Extracted data entries
☆ ☆ ☆ ☆
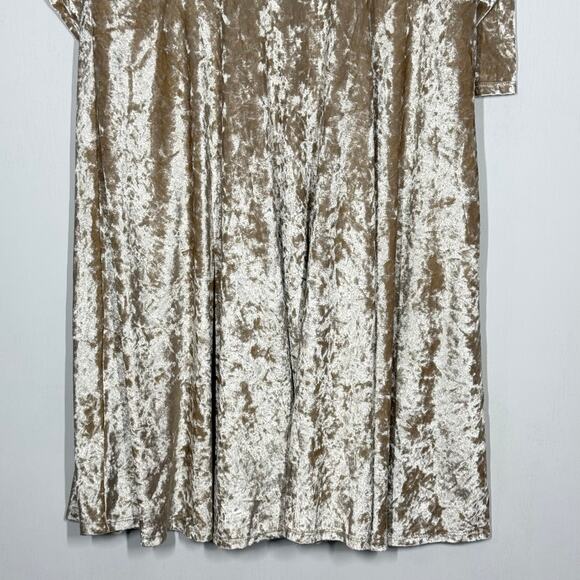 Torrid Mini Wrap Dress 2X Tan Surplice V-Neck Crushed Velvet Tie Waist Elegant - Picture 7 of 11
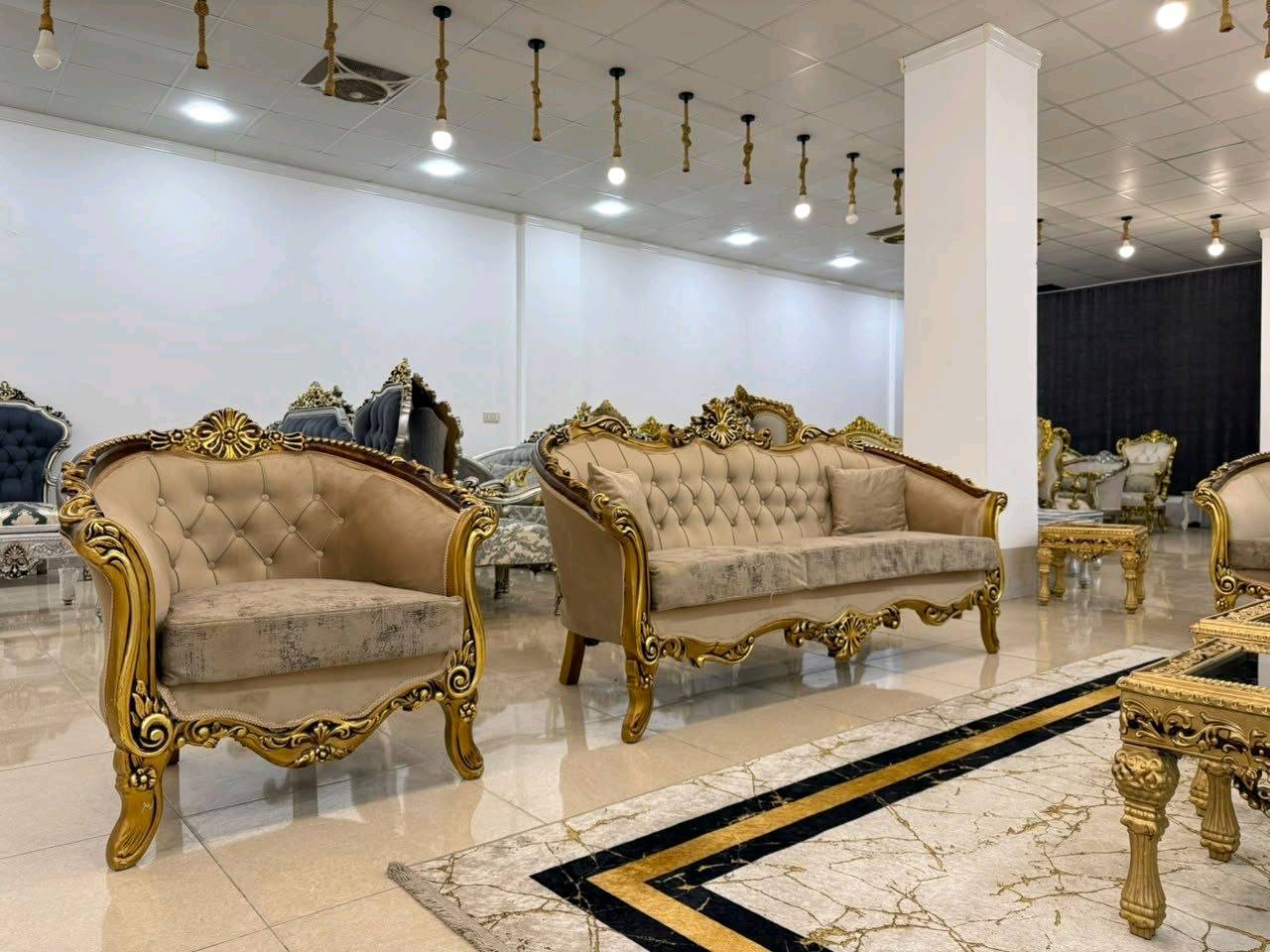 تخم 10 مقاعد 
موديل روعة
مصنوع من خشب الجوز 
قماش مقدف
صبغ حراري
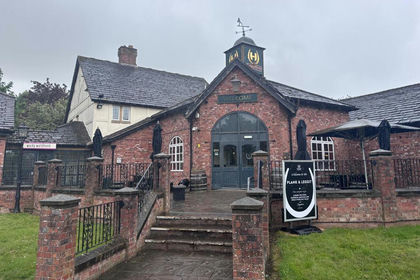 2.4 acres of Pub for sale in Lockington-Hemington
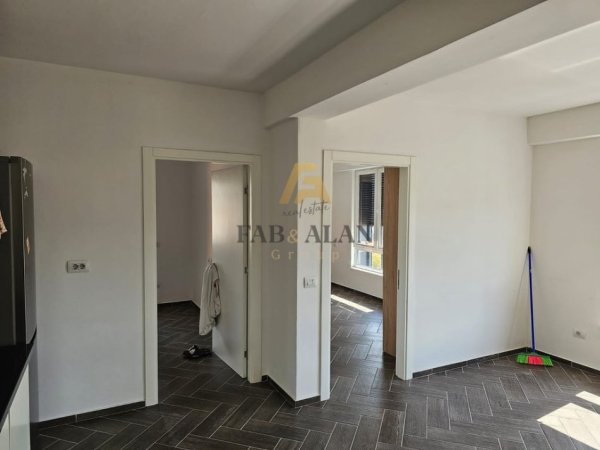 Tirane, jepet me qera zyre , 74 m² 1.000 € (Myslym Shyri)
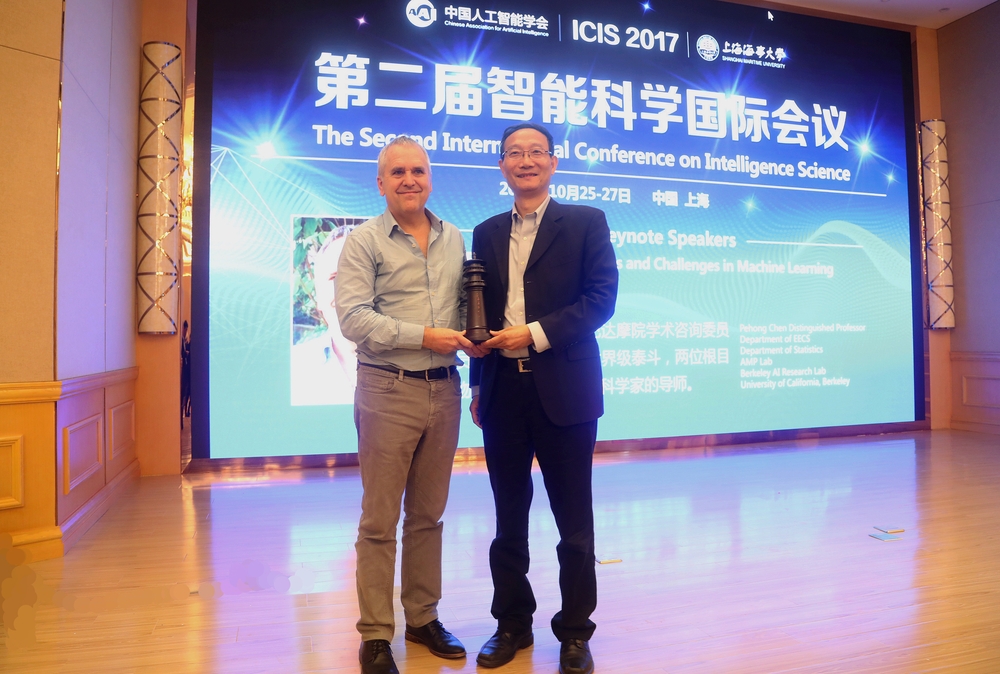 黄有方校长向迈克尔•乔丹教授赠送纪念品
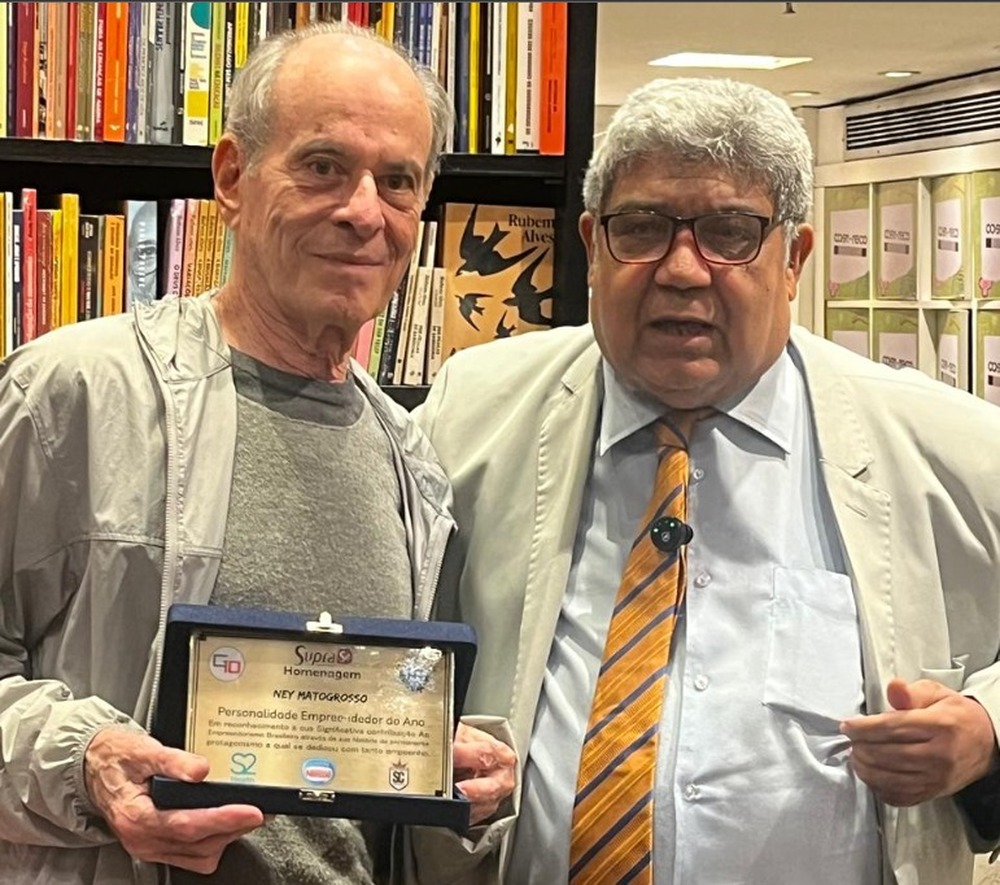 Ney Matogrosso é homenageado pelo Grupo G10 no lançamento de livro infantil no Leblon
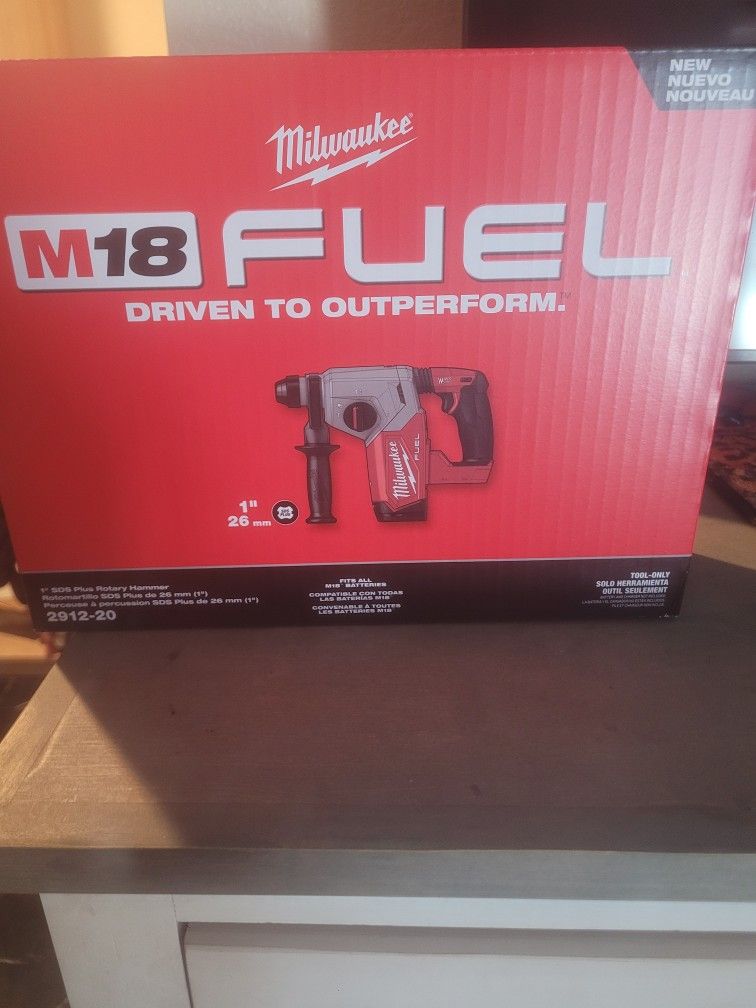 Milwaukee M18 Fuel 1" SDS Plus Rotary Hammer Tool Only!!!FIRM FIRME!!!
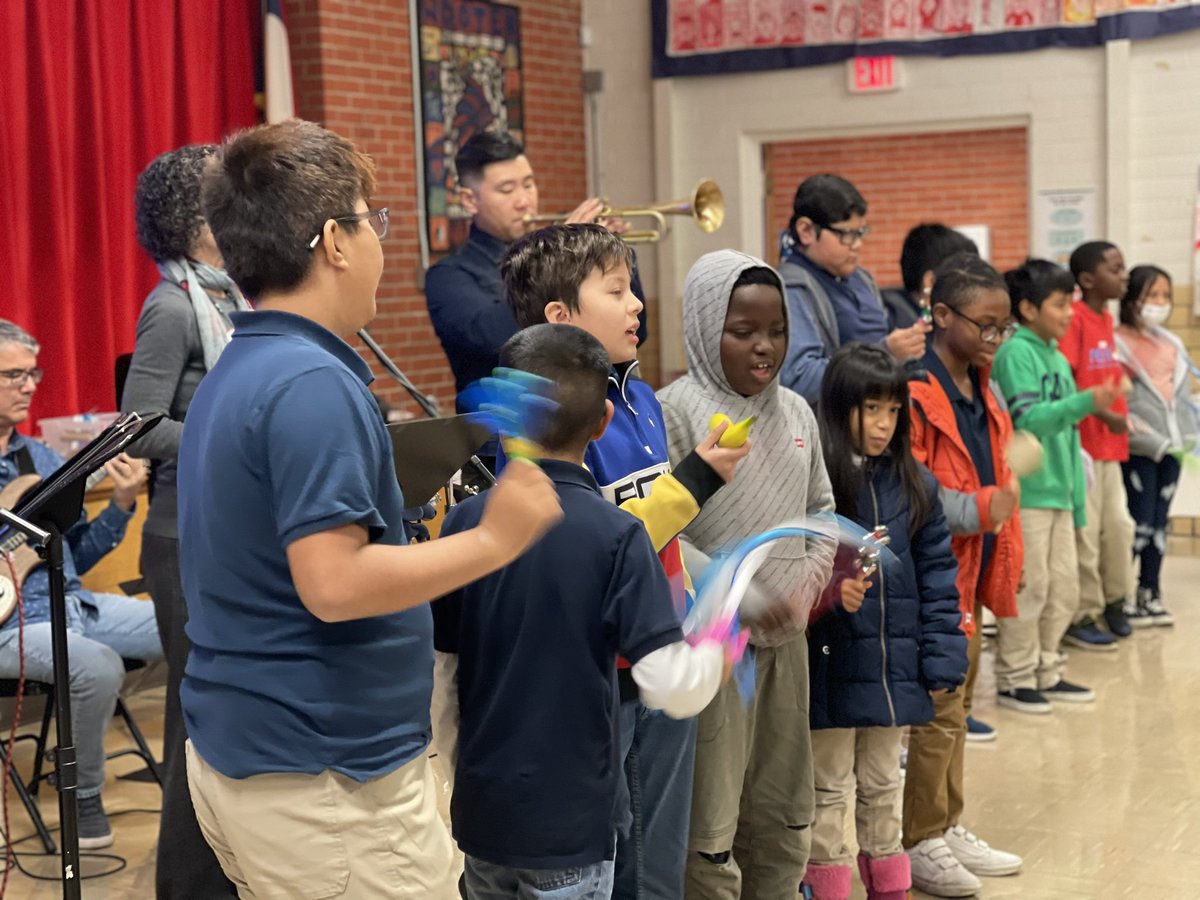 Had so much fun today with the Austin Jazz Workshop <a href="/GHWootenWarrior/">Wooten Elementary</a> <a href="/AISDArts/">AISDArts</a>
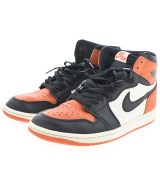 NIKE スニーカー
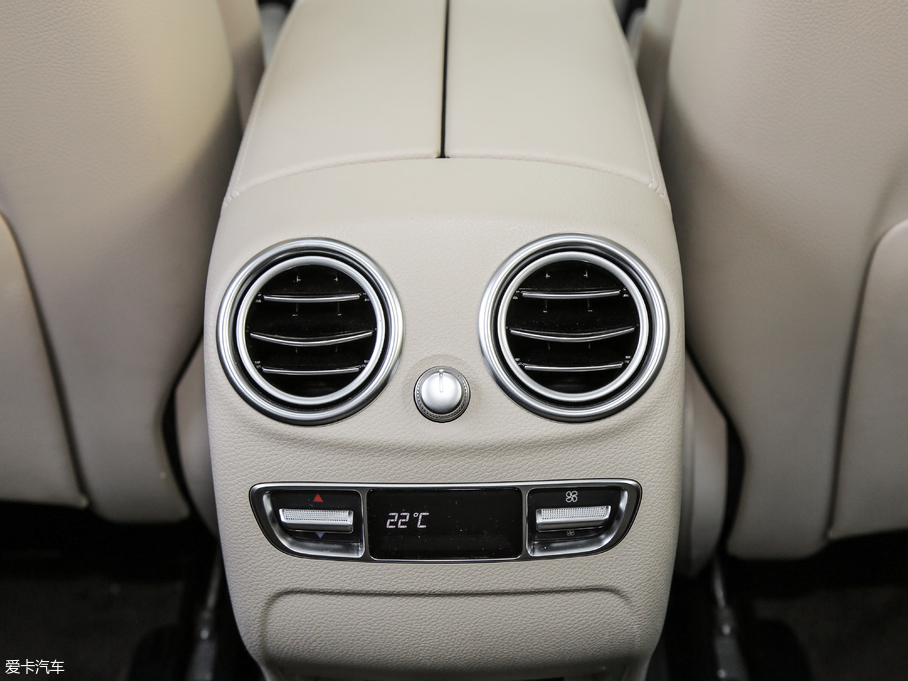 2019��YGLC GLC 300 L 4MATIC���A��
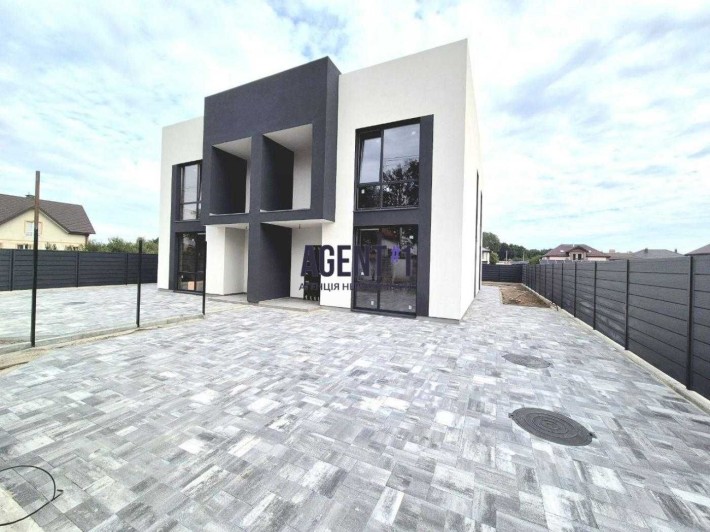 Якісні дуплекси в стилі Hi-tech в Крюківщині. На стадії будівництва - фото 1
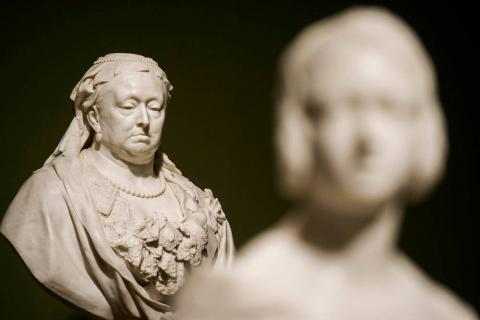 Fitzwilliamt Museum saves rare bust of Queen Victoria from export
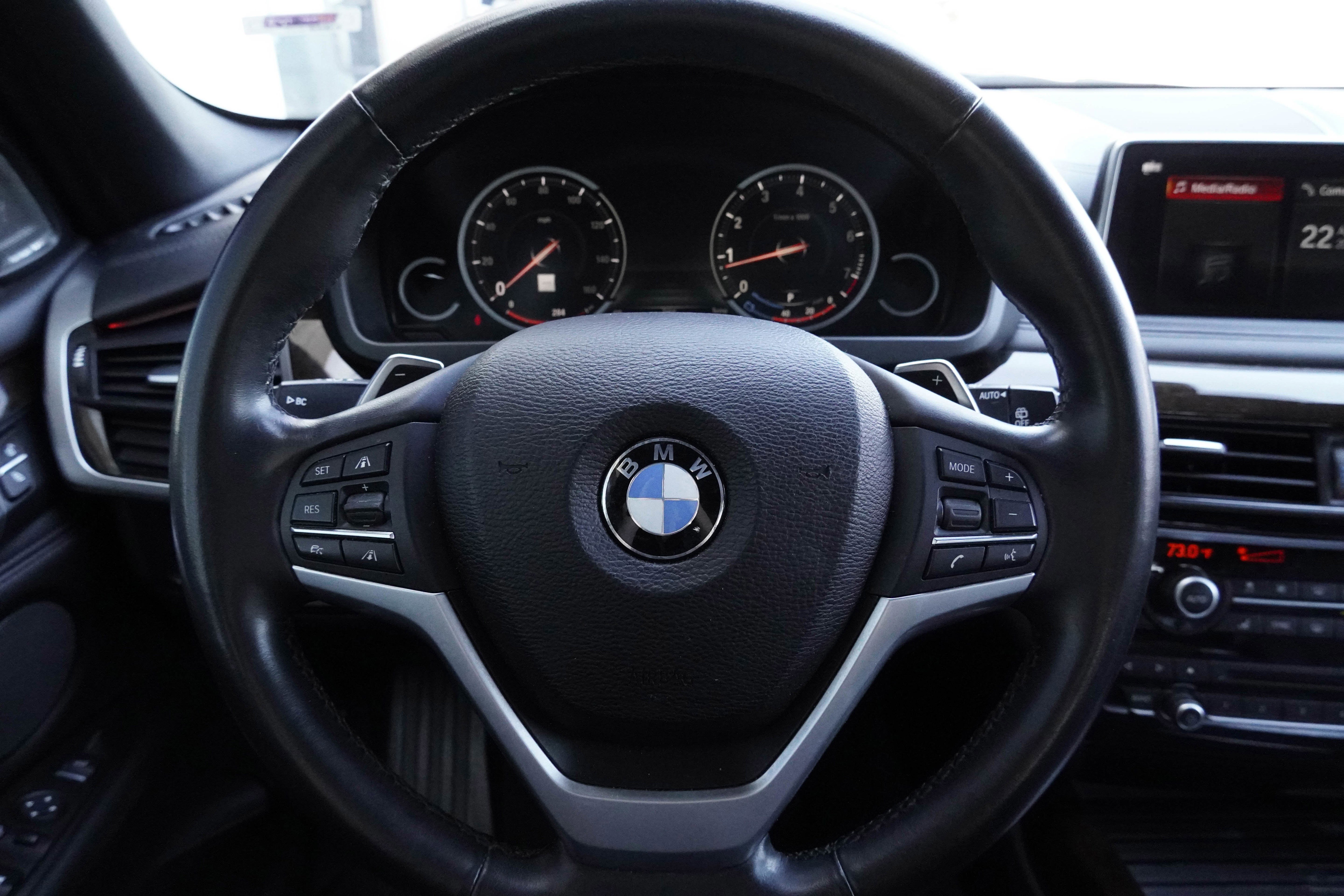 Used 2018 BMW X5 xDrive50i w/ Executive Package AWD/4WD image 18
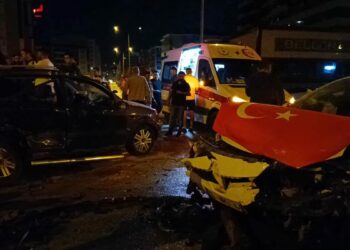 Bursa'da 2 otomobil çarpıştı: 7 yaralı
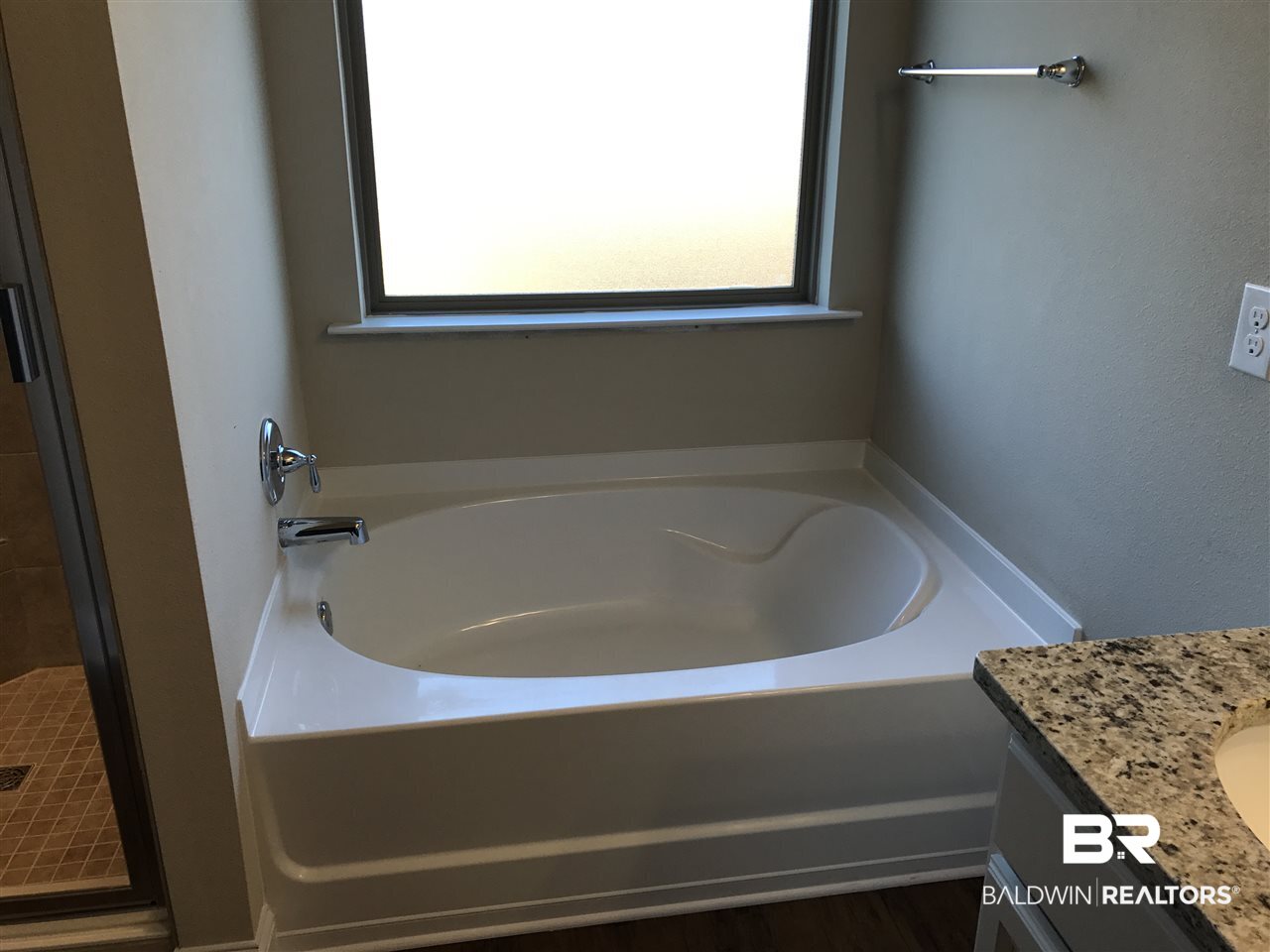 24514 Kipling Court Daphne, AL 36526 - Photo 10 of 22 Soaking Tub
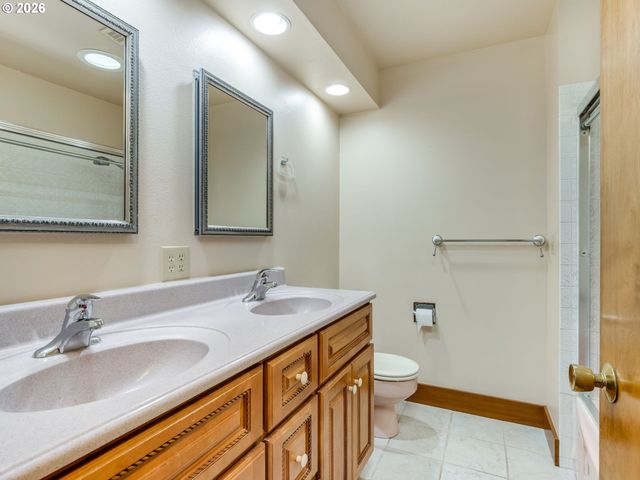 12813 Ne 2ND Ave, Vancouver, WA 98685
☆ ☆ ☆ ☆
What you have to do: Set the pictures aside and retype exactly the lines above from the line with "مصنوع من خشب الجوز" to the line with "Ney Matogrosso é", both included, adding no others.

Task solution:
مصنوع من خشب الجوز 
قماش مقدف
صبغ حراري
 2.4 acres of Pub for sale in Lockington-Hemington
 Tirane, jepet me qera zyre , 74 m² 1.000 € (Myslym Shyri)
 黄有方校长向迈克尔•乔丹教授赠送纪念品
 Ney Matogrosso é homenageado pelo Grupo G10 no lançamento de livro infantil no Leblon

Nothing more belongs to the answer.